Black smoke rising during multiple terrorist attacks on the capital of Burkina Faso in March 2018. Photograph: Ahmed Ouoba/AFP/Getty Images
Black smoke rising during multiple terrorist attacks on the capital of Burkina Faso in March 2018. Photograph: Ahmed Ouoba/AFP/Getty Images

In a world full of wars, why are so many of them ignored?

This article is more than 4 years old
Simon Tisdall

Instability across central Africa has resulted in a humanitarian crisis. There needs to be greater focus on conflict resolution

Cameroon, a central African state of 24 million people on the Gulf of Guinea, is rarely in the news – which is surprising, given the awful things happening there. In a warring world full of conflict, the country’s troubles barely rate a mention. That’s short-sighted. As Yemen shows, today’s local difficulties have a habit of becoming tomorrow’s international crises.
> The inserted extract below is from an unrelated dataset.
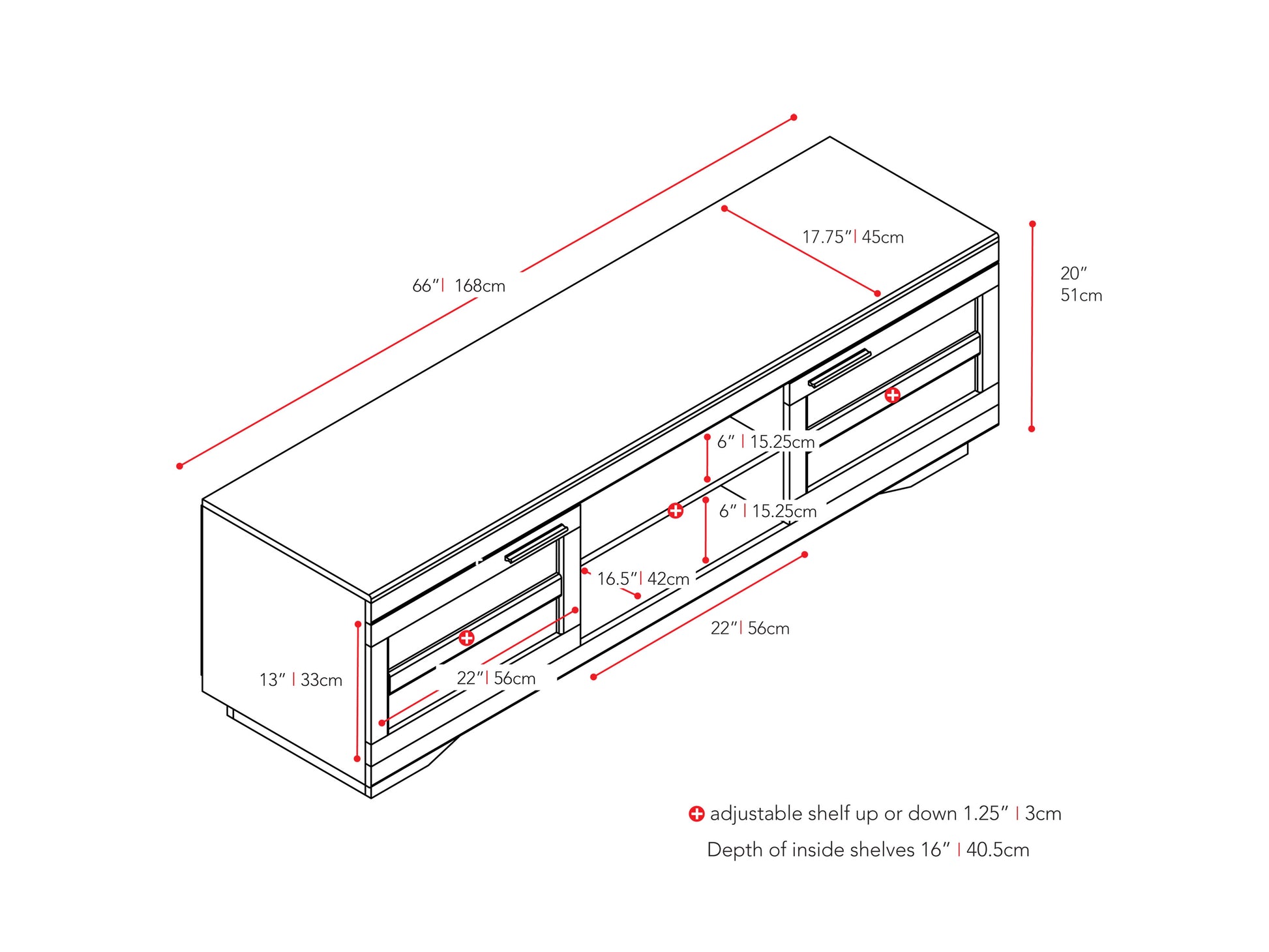 Modern TV stand for up to 85" TVs, featuring a sleek black finish with two spacious open shelves and a sturdy metal frame, ideal for contemporary living rooms and entertainment centers.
Long-running tensions between Cameroon’s French and English-speaking communities came to a head last week with the arrest of at least 350 members of the main opposition party, whose leader has been jailed since January. Human Rights Watch accused security forces of using “excessive and indiscriminate force”.
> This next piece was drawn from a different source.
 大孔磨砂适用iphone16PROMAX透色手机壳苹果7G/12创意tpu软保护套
Political repression may be the least of Cameroon’s worries. According to a new Norwegian Refugee Council report, Cameroon is the world’s most neglected displacement crisis. Since 2016, conflict between government forces and non-state armed groups has forced 450,000 people from their homes.

According to the report, “780,000 children are out of school. Hundreds of villages have been burned down, tens of thousands of people are hiding in the bush with no humanitarian support, and attacks are taking place every day.” Both the government and separatists are accused of “horrific human rights violations”.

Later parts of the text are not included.